Eu ainda estou no primeiro emprego, um estágio. Enfim, releia o primeiro parágrafo.
Aos doze anos, o menino já tinha matado, cheirado, roubado. Era sujeito homem. Tinha sua própria boca de fumo, que vendia só maconha, por enquanto. Nunca estudou, mas fazia a contabilidade, contratava funcionários, preparava uma logística de vendas e mantinha um recursos humanos. Aos 13, começou um guerra quando perdeu sua virgindade com a mulher do chefe do tráfico do morro vizinho. E venceu. Aos 13, o garoto já sabia o que queria.
O primeiro parágrafo. Leia.
Segundo a legislação brasileira, qualquer pessoa com menos de 18 anos não têm o desenvolvimento capaz de compreender exatamente a natureza da sua conduta, não estando, portanto, apta a ser condenada a uma pena de reclusão. Em casos graves, entretanto, este menor necessita de internação em estabelecimento adequado a formá-lo para a vida social. Ser “ressocializado”. O que eles não dizem é que isso só serve para as situações ditas ideais, onde criança é criança e adolescente é adolescente.
Eu cresci sendo preparado para a sociedade, o garoto não Quando era pra ser criança, eu fui criança. Quando era para ser pré-adolescente revoltado, eu fui pré-adolescente revoltado. Agora estou no caminho para a fase adulta, seguindo passo a passo todas as etapas. O outro personagem nasceu precisando ser adulto. Ele não foi preparado, pulou etapas.
Desde que veio ao mundo teve que trabalhar, passar fome, conseguir dinheiro para as contas da casa. Não pôde estudar, não pôde almoçar aos domingos na casa da avó, não pôde jogar futebol com os amigos. Não pôde sequer ter amigos. Ele sempre foi obrigado a ter convicção do que queria. Sabia que ninguém nunca iria decidir qualquer coisa por ele. Sabia que não poderia errar e depois pedir desculpas. Se errasse, estava morto. Ninguém nunca o ensinou a controlar seus acessos de fúria.
Se ele matar alguém, foi pensado. Ele já sabe o que quer. Tendo 14, 17 ou mesmo 19 anos, ele sabe o que quer. Ele teve sempre que saber o que quer. Ele é adulto.
Ser adulto não é um status adquirido, não tem a ver com a idade. Ser adulto é estado de espírito, é estado de consciência. Os adultos dizem que o são por terem certeza do que querem da sua vida, mesmo sabendo que isso é mentira. O garoto sabe o que quer da vida: ele quer é viver.

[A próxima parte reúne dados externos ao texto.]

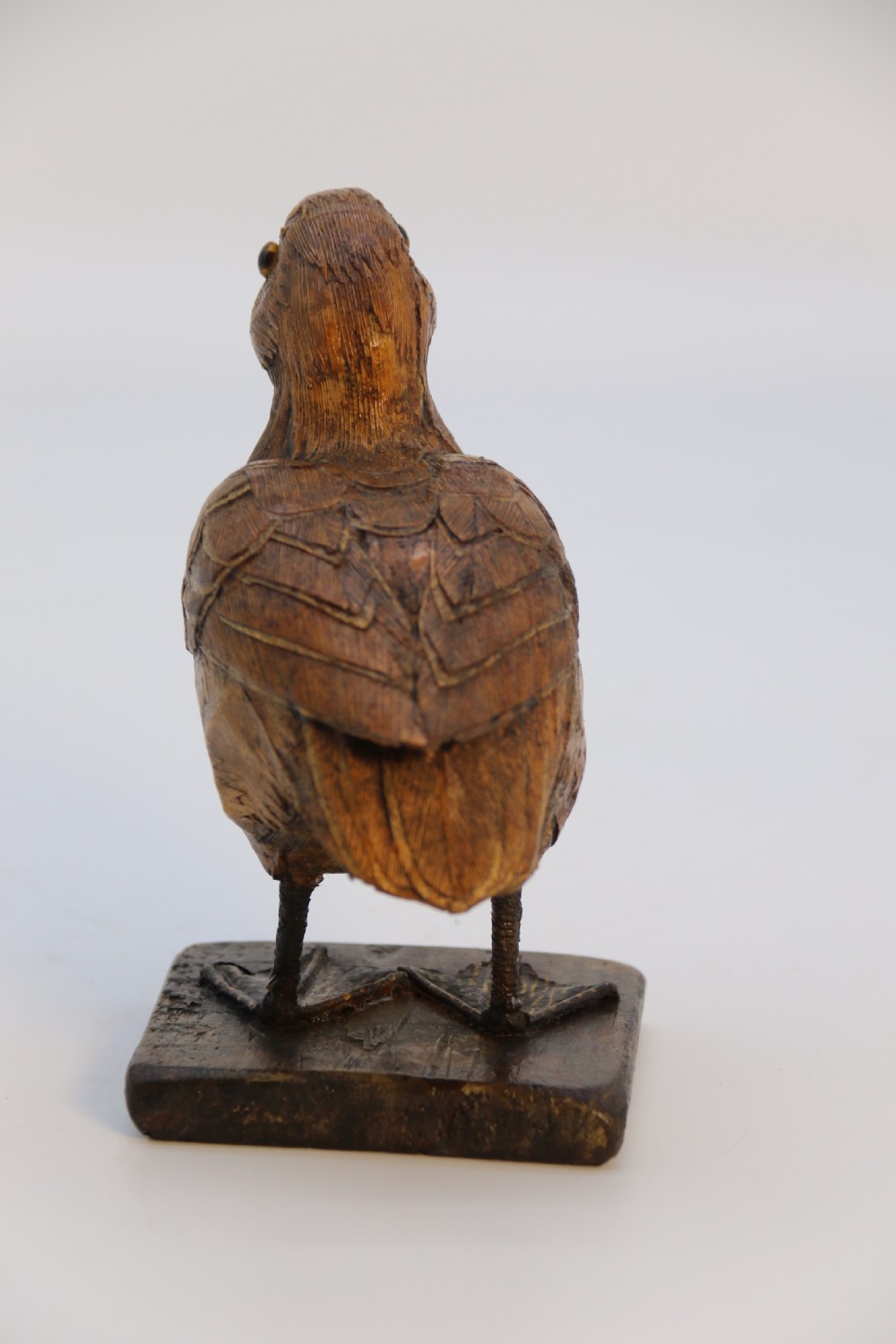 A small folk art duckling sculpture crafted from papier mache and textured straw, mounted on a square wooden base. View III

Ora, matando alguém, ele estará cometendo um crime, tendo 14 ou 19 anos. Deve ser preso. Preso para manter a ordem pública, não para prepará-lo para a ressocialização. Adultos já sabem viver em sociedade.
Agora leia novamente o primeiro parágrafo. Só que ao invés de "sou a favor da redução da maioridade penal", leia "sou a favor da maioridade penal, desde que só adultos sejam presos".